**Task item**
Look through the data below and work out how many lines hold "heart"; state only the number.

(Short descriptive text snippets)
::::::::

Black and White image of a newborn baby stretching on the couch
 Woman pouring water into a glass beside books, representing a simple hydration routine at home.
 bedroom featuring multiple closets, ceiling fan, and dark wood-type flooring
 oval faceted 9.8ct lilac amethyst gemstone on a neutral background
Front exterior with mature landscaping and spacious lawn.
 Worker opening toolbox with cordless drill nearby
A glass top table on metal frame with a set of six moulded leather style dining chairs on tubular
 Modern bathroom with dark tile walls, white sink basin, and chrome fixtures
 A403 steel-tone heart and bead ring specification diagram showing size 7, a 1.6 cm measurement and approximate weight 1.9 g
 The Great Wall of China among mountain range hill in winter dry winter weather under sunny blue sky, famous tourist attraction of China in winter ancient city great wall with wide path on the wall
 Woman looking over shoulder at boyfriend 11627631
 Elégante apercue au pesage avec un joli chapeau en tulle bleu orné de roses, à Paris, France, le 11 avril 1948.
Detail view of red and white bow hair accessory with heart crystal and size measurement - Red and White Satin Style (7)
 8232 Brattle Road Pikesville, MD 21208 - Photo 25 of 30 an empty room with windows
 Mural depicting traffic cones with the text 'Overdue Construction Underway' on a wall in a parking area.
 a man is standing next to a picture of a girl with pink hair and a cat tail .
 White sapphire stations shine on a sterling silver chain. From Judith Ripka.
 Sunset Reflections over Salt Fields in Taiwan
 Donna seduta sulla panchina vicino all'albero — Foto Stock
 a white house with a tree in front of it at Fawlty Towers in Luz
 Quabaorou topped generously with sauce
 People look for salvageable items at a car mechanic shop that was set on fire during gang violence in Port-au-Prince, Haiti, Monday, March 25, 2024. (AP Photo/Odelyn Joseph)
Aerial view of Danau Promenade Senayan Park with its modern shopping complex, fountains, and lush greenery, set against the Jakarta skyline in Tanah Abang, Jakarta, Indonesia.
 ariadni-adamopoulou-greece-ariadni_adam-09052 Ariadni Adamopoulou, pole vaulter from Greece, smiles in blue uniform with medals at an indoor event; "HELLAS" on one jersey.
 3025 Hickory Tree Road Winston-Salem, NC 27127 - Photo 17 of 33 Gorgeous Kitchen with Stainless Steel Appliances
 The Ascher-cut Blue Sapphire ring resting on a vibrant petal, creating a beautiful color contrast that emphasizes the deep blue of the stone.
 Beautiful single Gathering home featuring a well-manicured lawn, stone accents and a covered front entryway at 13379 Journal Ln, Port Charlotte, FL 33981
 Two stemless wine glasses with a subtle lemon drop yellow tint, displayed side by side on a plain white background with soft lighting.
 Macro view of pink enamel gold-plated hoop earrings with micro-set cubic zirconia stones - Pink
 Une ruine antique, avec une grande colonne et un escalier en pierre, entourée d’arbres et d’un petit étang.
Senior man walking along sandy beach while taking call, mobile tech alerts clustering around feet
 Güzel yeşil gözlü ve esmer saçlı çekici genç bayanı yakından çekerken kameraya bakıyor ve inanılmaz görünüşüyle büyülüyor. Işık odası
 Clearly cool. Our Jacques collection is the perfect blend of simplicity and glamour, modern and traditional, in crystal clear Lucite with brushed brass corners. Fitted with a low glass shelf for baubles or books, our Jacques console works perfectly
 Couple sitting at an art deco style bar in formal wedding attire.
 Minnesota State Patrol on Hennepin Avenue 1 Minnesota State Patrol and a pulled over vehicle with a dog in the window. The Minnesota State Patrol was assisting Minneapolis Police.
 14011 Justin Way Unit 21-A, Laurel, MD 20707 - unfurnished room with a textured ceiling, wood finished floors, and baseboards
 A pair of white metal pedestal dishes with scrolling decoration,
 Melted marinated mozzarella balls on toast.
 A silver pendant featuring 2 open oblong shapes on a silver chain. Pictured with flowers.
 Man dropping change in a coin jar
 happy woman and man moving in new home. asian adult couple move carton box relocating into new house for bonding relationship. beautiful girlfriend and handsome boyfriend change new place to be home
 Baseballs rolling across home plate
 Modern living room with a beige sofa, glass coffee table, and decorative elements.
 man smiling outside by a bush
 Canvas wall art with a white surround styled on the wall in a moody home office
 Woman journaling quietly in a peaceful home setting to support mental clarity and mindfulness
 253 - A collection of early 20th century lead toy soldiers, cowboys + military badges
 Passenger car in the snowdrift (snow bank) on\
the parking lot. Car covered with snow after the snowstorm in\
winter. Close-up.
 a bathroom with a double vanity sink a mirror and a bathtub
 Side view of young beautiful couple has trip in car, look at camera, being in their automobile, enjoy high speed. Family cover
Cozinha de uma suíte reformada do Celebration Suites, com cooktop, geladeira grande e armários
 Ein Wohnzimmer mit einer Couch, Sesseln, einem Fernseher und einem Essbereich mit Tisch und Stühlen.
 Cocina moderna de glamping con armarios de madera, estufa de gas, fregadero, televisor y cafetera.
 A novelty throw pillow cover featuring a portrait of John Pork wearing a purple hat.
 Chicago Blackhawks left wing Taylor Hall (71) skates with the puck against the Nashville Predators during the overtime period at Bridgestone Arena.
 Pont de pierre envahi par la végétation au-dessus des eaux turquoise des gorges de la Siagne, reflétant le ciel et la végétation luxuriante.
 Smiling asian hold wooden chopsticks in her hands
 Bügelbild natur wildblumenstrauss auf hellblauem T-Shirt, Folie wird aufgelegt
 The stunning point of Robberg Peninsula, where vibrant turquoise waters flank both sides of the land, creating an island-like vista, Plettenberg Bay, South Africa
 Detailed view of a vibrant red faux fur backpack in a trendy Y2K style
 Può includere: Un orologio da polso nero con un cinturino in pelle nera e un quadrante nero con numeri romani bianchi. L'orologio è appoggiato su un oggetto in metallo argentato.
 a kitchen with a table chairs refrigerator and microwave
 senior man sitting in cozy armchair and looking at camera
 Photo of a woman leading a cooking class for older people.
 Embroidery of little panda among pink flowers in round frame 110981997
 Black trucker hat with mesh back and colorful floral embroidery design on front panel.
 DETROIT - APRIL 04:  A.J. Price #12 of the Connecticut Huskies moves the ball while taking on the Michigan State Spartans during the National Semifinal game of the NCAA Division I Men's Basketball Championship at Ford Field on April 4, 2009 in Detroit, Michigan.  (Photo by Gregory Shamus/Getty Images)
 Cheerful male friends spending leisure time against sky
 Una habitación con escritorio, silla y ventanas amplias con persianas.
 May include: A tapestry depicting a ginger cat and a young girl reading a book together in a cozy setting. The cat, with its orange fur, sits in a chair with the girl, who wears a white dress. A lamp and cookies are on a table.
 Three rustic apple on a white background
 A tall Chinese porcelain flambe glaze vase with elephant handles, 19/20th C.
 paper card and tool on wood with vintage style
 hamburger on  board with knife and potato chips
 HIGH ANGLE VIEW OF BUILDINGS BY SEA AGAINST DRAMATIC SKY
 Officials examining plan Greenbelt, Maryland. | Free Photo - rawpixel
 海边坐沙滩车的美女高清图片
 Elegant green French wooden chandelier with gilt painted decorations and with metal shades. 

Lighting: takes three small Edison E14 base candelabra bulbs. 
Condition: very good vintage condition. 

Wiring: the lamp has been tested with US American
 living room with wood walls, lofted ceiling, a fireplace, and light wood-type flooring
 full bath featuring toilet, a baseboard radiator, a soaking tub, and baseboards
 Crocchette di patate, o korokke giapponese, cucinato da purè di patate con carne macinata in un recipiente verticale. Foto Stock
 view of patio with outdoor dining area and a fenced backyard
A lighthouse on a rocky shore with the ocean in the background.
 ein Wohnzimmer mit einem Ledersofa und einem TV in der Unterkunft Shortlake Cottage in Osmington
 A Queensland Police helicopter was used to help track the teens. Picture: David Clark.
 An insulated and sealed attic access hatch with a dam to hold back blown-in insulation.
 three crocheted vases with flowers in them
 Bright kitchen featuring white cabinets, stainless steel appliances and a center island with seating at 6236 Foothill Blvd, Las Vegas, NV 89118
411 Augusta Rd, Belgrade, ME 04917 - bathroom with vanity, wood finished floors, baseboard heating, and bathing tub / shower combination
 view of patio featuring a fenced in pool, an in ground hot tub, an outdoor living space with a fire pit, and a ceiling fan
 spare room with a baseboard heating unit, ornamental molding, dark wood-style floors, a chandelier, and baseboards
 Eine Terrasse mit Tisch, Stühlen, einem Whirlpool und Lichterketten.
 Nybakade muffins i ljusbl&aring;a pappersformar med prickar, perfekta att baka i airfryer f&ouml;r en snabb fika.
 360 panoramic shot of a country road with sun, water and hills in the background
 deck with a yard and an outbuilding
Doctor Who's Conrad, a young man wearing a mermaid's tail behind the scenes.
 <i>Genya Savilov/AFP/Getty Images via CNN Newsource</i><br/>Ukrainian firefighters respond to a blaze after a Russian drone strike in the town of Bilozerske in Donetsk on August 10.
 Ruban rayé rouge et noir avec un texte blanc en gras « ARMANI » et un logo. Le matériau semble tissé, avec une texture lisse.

::::::::

**Answer to this problem**
2